In 2014, when Quest bars were a novelty and flexible dieting was a covert code name for ‘pop tart’, most fitness professionals were dieting themselves into oblivion to prove they could ‘walk the walk’ for their clients. If we couldn’t have abs (for at least 24 hours), then how could we support others to get them?

I even donned the sparkle bikini and mud-water tan to compete in bodybuilding for 4 years under this guise of ‘practicing what I preach’ before finally realising that I didn’t want to encourage anyone to be unhealthily lean and emaciated. ‘Practicing what I preach’ was just a comfortable little lie I was telling myself to support my unhealthy life choices (on reflection there are many a lie I’ve told myself to support my unhealthy life choices but thankfully I have a PhD so don’t have to talk about my love life).

Thankfully, the industry has progressed from this narrative in the last few years and, combined with the push towards authentic social media accounts and outspoken fitness influencers, we’re finally embracing more diverse bodies (I say this knowing that diverse in the fitness sense is still nowhere close to reality).

We’re coming to accept that ‘practicing what you preach’ as a coach or personal trainer no longer means having a 6 pack. It means resting as well as training, developing our emotional awareness, making healthful choices and being mindful of nutrient intake, not sacrificing our health for super low body fat levels, having social balance and connection. It looks like working your hardest work, being your healthiest self, whilst living your best life. It looks like having a ‘good relationship with food’.

But herein lies the problem. If we are now to consider ourselves as walking talking advocates of a good relationship with food, what if we don’t actually know what that looks like?

My worry is this.

We don’t have to be lean to support someone to be lean. We can guide someone to diet to levels leaner than our own because we know that exists. We know what low body fat levels look like. It’s an objective outcome.

‘Relationship with food’ is not objective. In fact, it’s highly subjective. It’s a feeling. One behaviour on two people can look identical on the outside, but to one person is a natural healthful way of eating, to another is extremely disordered. It’s much more about how we think and feel about food and exercise as opposed to our actions (although of course, they play a role).

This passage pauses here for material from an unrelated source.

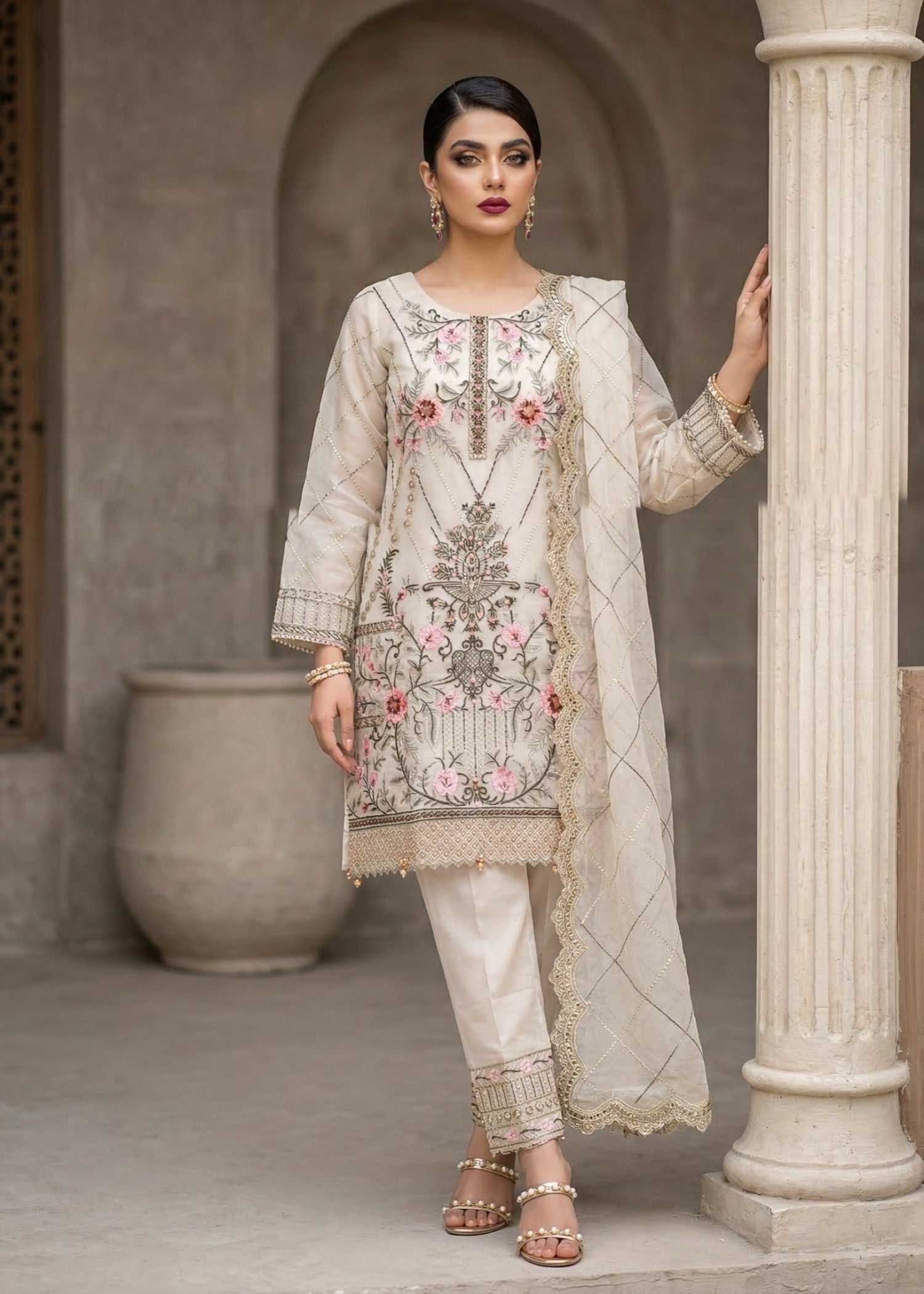 Pakistani Festive Wear Organza Suit Online in Dubai UAE Abudhabi Ajman Sharjah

Many people get into the fitness industry because of their own challenges with their relationship with food and their bodies. Ask any personal trainer or coach and 90% (not peer reviewed data) of us will tell you that we used to have disordered eating or exercise habits, were in a smaller or larger body, struggled with food scarcity or abundance, or experienced trauma that infiltrated the way we chose to eat and exercise.

With work and time, we then find a relationship with food that we deem healthy, that feels right for us and that is a vast improvement to our former selves. We’ve found our own healthy relationship with food.

But here’s the thing. That is now our benchmark.

What if that’s not the most optimal? What if we’ve sold ourselves short? What if there’s a whole new relationship with food world beyond that magic carpet ride? What if, what we think is a good relationship with food, is merely a ‘better’ relationship with food, and we’ve replaced that final shredded abs shot with a benchmark for our clients that’s actually the equivalent of about 6 weeks away from photoshoot ready?

Most coaches will now say they support your relationship with food in some way. It’s been a buzz phrase for the past 5 years (I remember being mocked for talking about mindful eating and meditation for disordered eating in 2014 because at that time we didn’t even know we were supposed to have a relationship with food, let alone a good one — oh how times have changed, thankfully).

But how can we support someone to a true ‘optimal’ relationship with food, if we don’t actually know that it exists? If we haven’t experienced it for ourselves, and it’s a subjective outcome. How do we know that what we’re aiming for with our clients is the true ‘end-goal’? What if the advice we give out is based on our own benchmark and actually wrong because of our own cloudy lenses?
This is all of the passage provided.